The Basic Regular Expressions or BRE flavor standardizes a flavor similar to the one used by the traditional UNIX grep command. This is pretty much the oldest regular expression flavor still in use today. One thing that sets this flavor apart is that most metacharacters require a backslash to give the metacharacter its flavor. Most other flavors, including POSIX ERE, use a backslash to suppress the meaning of metacharacters. Using a backslash to escape a character that is never a metacharacter is an error.
A BRE supports POSIX bracket expressions, which are similar to character classes in other regex flavors, with a few special features. Shorthands are not supported. Other features using the usual metacharacters are the dot to match any character except a line break, the caret and dollar to match the start and end of the string, and the star to repeat the token zero or more times. To match any of these characters literally, escape them with a backslash.
The other BRE metacharacters require a backslash to give them their special meaning. The reason is that the oldest versions of UNIX grep did not support these. The developers of grep wanted to keep it compatible with existing regular expressions, which may use these characters as literal characters. The BRE a{1,2} matches a{1,2} literally, while a\{1,2\} matches a or aa. Some implementations support \? and \+ as an alternative syntax to \{0,1\} and \{1,\}, but \? and \+ are not part of the POSIX standard. Tokens can be grouped with \( and \). Backreferences are the usual \1 through \9. Only up to 9 groups are permitted. E.g. \(ab\)\1 matches abab, while (ab)\1 is invalid since there's no capturing group corresponding to the backreference \1. Use \\1 to match \1 literally.
POSIX BRE does not support any other features. Even alternation is not supported.
(Emphasis mine.)
So my real question: is there any regex definition or implementation that does not treat either x+ or x\+ the same as xx*.
I can't think of any real world language or tool that supports neither + nor \+.
In the formal mathematical definition of regular expressions there are commonly only three operations defined:
Concatenation: AB matches A followed by B.
Alternation: A|B matches either A or B.
Kleene star: R* matches 0 or more repetitions of R.
These three operations are enough to give the full expressive power of regular expressions†. Operators like ? and + are convenient in programming but not necessary in a mathematical context. If needed, they are defined in terms of the others: R? is R|ε and R+ is RR*.
† Mathematically speaking, that is. Features like back references and lookahead/lookbehind don't exist in formal language theory. Those features add additional expressive power not available in mathematical definitions of regular expressions.
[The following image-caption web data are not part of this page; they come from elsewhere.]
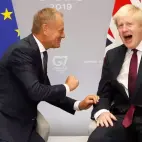 Boris Johnson bromeando con Donald Tusk para aliviar las tensiones del Brexit...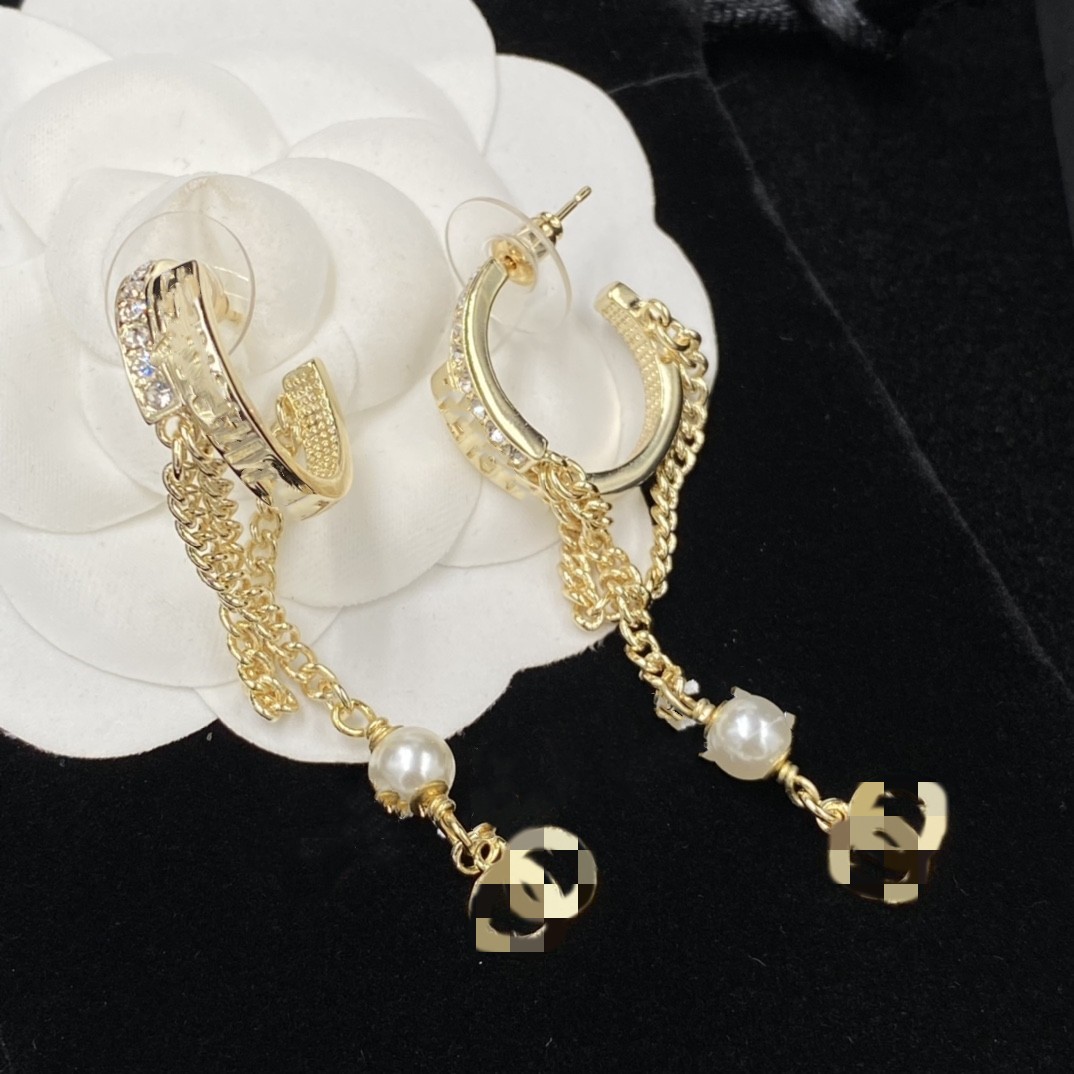 Fashion Designer Earrings Letter Earrings Luxury Women's Jewelry Metal Valentine's Day Earrings Gift
Fashion Designer Earrings Letter Earrings Luxury Women's Jewelry Metal Valentine's Day Earrings Gift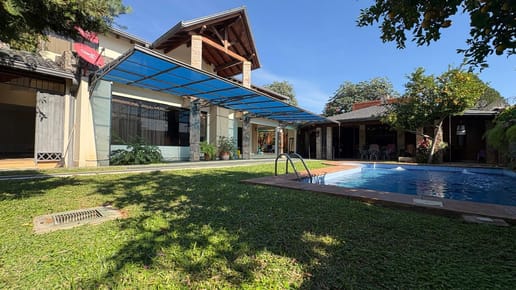 EXCLUSIVA RESIDENCIA EN VENTA EN LAMBARÉ-KENNEDY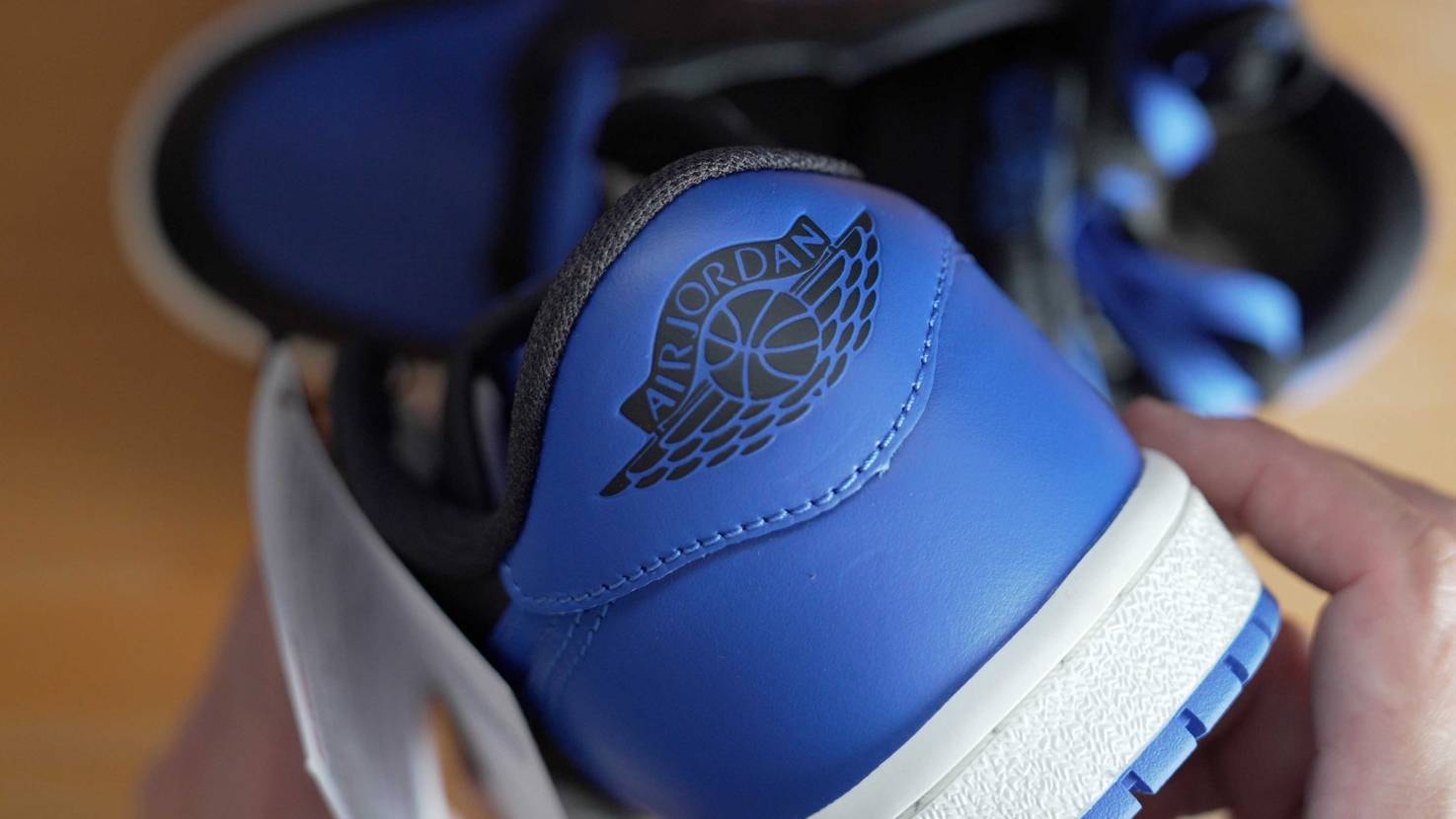 今年発売されたAJ1　low 85royalと今回のchic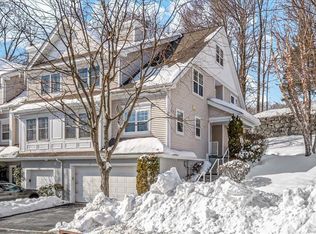 87 Hillcrest Ln, Peekskill, NY 10566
In some traditional sed implementations, you have to enable "extended" regular expressions to get support for + to mean "one or more."
For evidence of this, see: sed plus sign doesn't work

Related

Why is POSIX collating-related bracketed symbol higher-precedence than backslash?

POSIX, aka "The Open Group Base Specifications Issue 7, 2018 edition", has this to say about regular expression operator precedence:
9.4.8 ERE Precedence
The order of precedence shall be as shown in the following table:
ERE Precedence (from high to low)
Collation-related bracket symbols
[==] [::] [..]
Escaped characters
\ special-character
Bracket expression
[]
Grouping
()
Single-character-ERE duplication
* + ? {m,n}
Concatenation
ab
Anchoring
^ $
Alternation
|
I am curious as to the reason for the first two levels being in that order. Being a unix user from way back, I am accustomed to being able to "throw a backslash in front of it" to escape virtually anything. But it appears that with Collation-Related-Bracket-Symbols (CRBS), I can't do that. If I want to match a literal [.ch.] I can't just type \[.ch.] and rely on "dot matches dot" to handle things for me. I now have to match something like [[].ch.] (or possibly worse?).
I'm trying, and failing, to imagine what the scenario was when whoever-thought-this-up decided this should be the order. Is there a concrete scenario where having CRBS ranked higher than backslash makes sense, or was this a case of "we don't understand CRBS yet so let's make it higher priority" or ... what, exactly?
At least for Gnu grep, it looks like lib/dfa.c treats the CRBS as one lexical token, as per the function parse_bracket_exp().
For the example given, escaping the special characters (square brackets and dots) seems to give the results you are looking for. You can also match literal dots with [.] which might be easier to see in a regular expression.
$ (echo c;echo '[.ch.]';echo .ch.;echo xchx)|grep '\[\.ch\.\]'
[.ch.]

Transform Regexp to POSIX BRE

I'd like to put this expression into POSIX BRE.
HTTP\/[\d.]+.\s+(?:403)\s+(4[0-9])\s+
Here is what I've come up with so far.
HTTP\/[0-9.]{1,}.[[:blank:]]{1,}403[[:blank:]]{1,}(4[0-9])[[:blank:]]
Using a web based regex checker, both examples work quite well.
This regexp needs to be registered in SCOM however and it seems like it only supports POSIX BRE for monitoring Linux servers.
Here's the Posix documentation on Basic Regular Expressions. In particular, note:
When a BRE matching a single character, a subexpression, or a back-reference is followed by an interval expression of the format \{m\}, \{m,\}, or \{m,n\}, together with that interval expression it shall match what repeated consecutive occurrences of the BRE would match…
So [[:blank:]]{1,} isn't going to do what you think it will; the braces need to be preceded with backslashes.
On the other hand, most BRE implementations do allow you to use \+ to mean "one or more repetitions". At least, the BSD and Gnu varieties do. So you might well be able to write that as [[:blank:]]\+ instead of using the numeric repetition operator [[:blank:]]\{1,\}.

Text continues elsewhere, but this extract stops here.